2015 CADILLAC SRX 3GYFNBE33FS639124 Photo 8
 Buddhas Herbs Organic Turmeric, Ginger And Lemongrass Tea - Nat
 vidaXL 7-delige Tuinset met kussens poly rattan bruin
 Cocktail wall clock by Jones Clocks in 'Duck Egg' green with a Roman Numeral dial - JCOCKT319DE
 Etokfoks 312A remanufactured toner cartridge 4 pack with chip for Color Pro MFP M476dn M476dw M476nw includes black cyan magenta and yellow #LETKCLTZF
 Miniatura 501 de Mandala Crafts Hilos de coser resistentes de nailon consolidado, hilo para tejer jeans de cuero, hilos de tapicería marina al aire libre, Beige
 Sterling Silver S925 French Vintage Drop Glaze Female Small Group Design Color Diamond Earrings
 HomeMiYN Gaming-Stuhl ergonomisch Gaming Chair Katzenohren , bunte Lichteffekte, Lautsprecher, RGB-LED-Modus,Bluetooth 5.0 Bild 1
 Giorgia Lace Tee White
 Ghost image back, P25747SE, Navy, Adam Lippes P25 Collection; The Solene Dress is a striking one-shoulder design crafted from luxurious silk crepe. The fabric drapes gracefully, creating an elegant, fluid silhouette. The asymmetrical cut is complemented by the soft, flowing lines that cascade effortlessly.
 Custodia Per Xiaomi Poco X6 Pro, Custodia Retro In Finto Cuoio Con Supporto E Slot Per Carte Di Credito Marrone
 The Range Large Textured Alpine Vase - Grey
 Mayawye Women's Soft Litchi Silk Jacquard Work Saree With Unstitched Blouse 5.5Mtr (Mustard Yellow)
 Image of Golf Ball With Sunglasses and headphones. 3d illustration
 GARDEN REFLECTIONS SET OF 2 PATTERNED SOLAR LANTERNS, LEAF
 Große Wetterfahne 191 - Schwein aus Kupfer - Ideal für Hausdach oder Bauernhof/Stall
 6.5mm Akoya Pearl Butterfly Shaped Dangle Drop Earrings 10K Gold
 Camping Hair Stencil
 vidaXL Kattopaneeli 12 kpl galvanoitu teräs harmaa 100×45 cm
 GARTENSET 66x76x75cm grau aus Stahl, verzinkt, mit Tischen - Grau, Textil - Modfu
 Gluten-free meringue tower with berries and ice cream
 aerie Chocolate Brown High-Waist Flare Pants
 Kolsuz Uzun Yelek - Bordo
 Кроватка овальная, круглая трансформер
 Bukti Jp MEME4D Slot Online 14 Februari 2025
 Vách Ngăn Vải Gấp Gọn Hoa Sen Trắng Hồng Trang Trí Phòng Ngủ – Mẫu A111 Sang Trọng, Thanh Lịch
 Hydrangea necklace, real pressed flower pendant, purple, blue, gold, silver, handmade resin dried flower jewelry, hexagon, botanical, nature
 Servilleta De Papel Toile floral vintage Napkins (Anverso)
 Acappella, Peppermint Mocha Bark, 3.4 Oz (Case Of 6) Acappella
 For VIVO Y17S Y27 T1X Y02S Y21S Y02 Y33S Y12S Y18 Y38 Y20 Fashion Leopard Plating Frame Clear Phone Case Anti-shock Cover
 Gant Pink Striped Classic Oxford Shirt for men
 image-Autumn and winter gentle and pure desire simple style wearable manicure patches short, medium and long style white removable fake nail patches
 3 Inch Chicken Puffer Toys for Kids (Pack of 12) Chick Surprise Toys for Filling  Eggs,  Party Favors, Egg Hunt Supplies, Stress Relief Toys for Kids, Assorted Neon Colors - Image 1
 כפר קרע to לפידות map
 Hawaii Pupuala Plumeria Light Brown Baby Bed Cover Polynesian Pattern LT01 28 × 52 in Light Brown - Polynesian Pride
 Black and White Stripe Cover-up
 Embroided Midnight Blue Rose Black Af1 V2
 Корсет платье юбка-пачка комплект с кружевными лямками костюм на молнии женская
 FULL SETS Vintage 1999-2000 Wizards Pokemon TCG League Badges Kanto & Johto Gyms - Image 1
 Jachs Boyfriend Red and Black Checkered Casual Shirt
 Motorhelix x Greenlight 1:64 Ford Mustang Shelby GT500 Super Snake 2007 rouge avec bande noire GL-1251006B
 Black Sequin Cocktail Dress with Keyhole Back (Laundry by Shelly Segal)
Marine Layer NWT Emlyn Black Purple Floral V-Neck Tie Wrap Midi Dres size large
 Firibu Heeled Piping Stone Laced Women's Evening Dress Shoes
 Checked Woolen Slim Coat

[Required action] Make an exact copy of the lines running from the one with "For VIVO Y17S" to the last line of the listing, including both ends.

[Solved problem]
 For VIVO Y17S Y27 T1X Y02S Y21S Y02 Y33S Y12S Y18 Y38 Y20 Fashion Leopard Plating Frame Clear Phone Case Anti-shock Cover
 Gant Pink Striped Classic Oxford Shirt for men
 image-Autumn and winter gentle and pure desire simple style wearable manicure patches short, medium and long style white removable fake nail patches
 3 Inch Chicken Puffer Toys for Kids (Pack of 12) Chick Surprise Toys for Filling  Eggs,  Party Favors, Egg Hunt Supplies, Stress Relief Toys for Kids, Assorted Neon Colors - Image 1
 כפר קרע to לפידות map
 Hawaii Pupuala Plumeria Light Brown Baby Bed Cover Polynesian Pattern LT01 28 × 52 in Light Brown - Polynesian Pride
 Black and White Stripe Cover-up
 Embroided Midnight Blue Rose Black Af1 V2
 Корсет платье юбка-пачка комплект с кружевными лямками костюм на молнии женская
 FULL SETS Vintage 1999-2000 Wizards Pokemon TCG League Badges Kanto & Johto Gyms - Image 1
 Jachs Boyfriend Red and Black Checkered Casual Shirt
 Motorhelix x Greenlight 1:64 Ford Mustang Shelby GT500 Super Snake 2007 rouge avec bande noire GL-1251006B
 Black Sequin Cocktail Dress with Keyhole Back (Laundry by Shelly Segal)
Marine Layer NWT Emlyn Black Purple Floral V-Neck Tie Wrap Midi Dres size large
 Firibu Heeled Piping Stone Laced Women's Evening Dress Shoes
 Checked Woolen Slim Coat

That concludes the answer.